1. Don’t try to stop thinking
When I first started meditating I thought that I would have to completely stop thinking, so all I was thinking about was not thinking, which seemed to promote more thinking. You’ll be pleased to know that you still need to think, hurrah! The point is to try and have a single point of focus. This is to quieten your mind and body so that when your mind decides to take the thought train to, “What’s for dinner tonight?” you kindly remind it that that is not where you’re heading and take yourself back to your single point of focus, quietening your mind and body.
2. Don’t force yourself into a cross legged position
If it feels uncomfortable before you’ve even closed your eyes, then as a beginner it’s unlikely that that will change. You don’t have to sit like an experienced yogi, you can sit in a chair, with your legs out in front of you, on the sofa, kneeling or in any way that is comfortable for you and allows you to be quiet in your mind and body. For me, I like to be sat in a chair with my feet firmly on the ground so that I can be upright and alert. Play around with a few different positions to see what works for you.
3. Don’t lie down, especially in your bed
I have tried this and it never works. I’ve felt a bit sleepy and thought I’ll meditate in my bed. If you’re doing this, your intention is not to meditate, it’s to sleep. Even if you’re not sleepy you’ve spent so many years connecting bed to sleep that you’re making it pretty difficult for yourself. Remember this is about staying focussed not completely switching off so start with an environment that encourages that. For me it’s best to do it first thing in the morning, after a cup of tea, before my mind starts to race into the day. You may be different, so see what works best for you, is it at home before you leave for work, at your desk in the afternoon, stopping somewhere on your walk home or before you go to bed in the front room?

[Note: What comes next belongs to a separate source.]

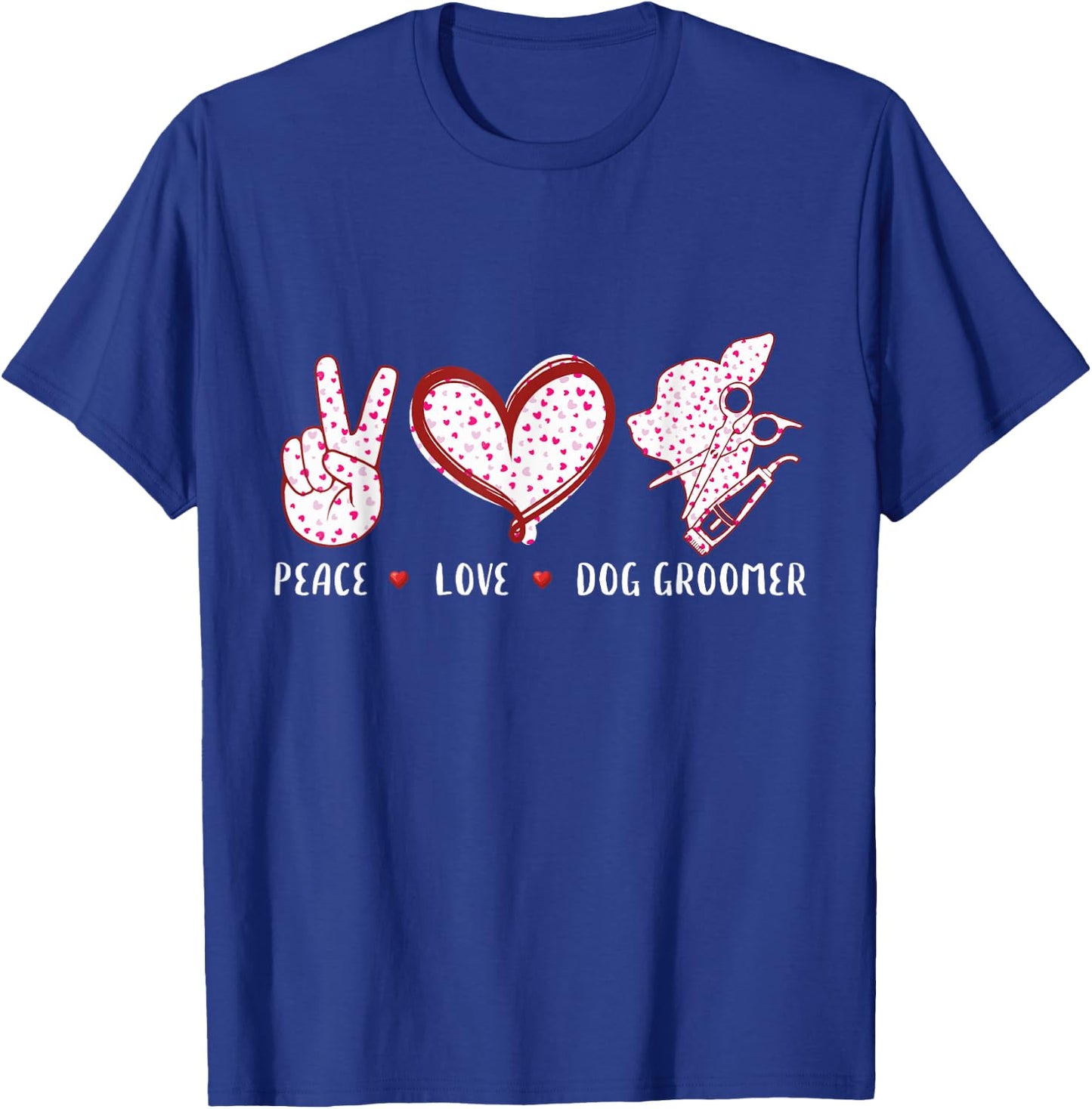 Peace Love dog groomer grooming puppies gifts women T-Shirt - T-Shirt | Royal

4. Don’t expect an earth shattering experience
If you expect a spiritual enlightenment first time round, you may be disappointed. I’m not saying it doesn’t happen, because it does but meditating is all about noticing and sensing, so if you come with the expectation of something big happening you will miss the small things that are taking place. Like the tightness in your shoulders relaxing, the release of stress from your brain, the itch on your toe or the guidance from your intuition. By paying attention to the small things in your meditation you can begin to appreciate the smaller things in everyday life, like the birds in the trees or the colours of the flowers.
5. Don’t start with really long meditations
You may have heard stories of yogis meditating for days on end, if that sounds like your kind of fun, then go for it but even sitting for 1 hour is quite a hard task when you’re just starting out. You really don’t have to meditate for long periods of time, 10 minutes a day will see some good benefits. If 5 minutes seems to be all you can do, then start with this until you’ve mastered it. You can use your phone to set a timer. If you want to see your practice progress keep upping the time by a minute. If you find you come out of your meditation before the timer, just go back in. Start training yourself to sit for a little longer each time. Setting these small goals will give you a sense of achievement before you start to receive the true benefits of consistent meditating.
Most importantly, keep it up, remember it’s a self practice and no one can be the judge of that but you.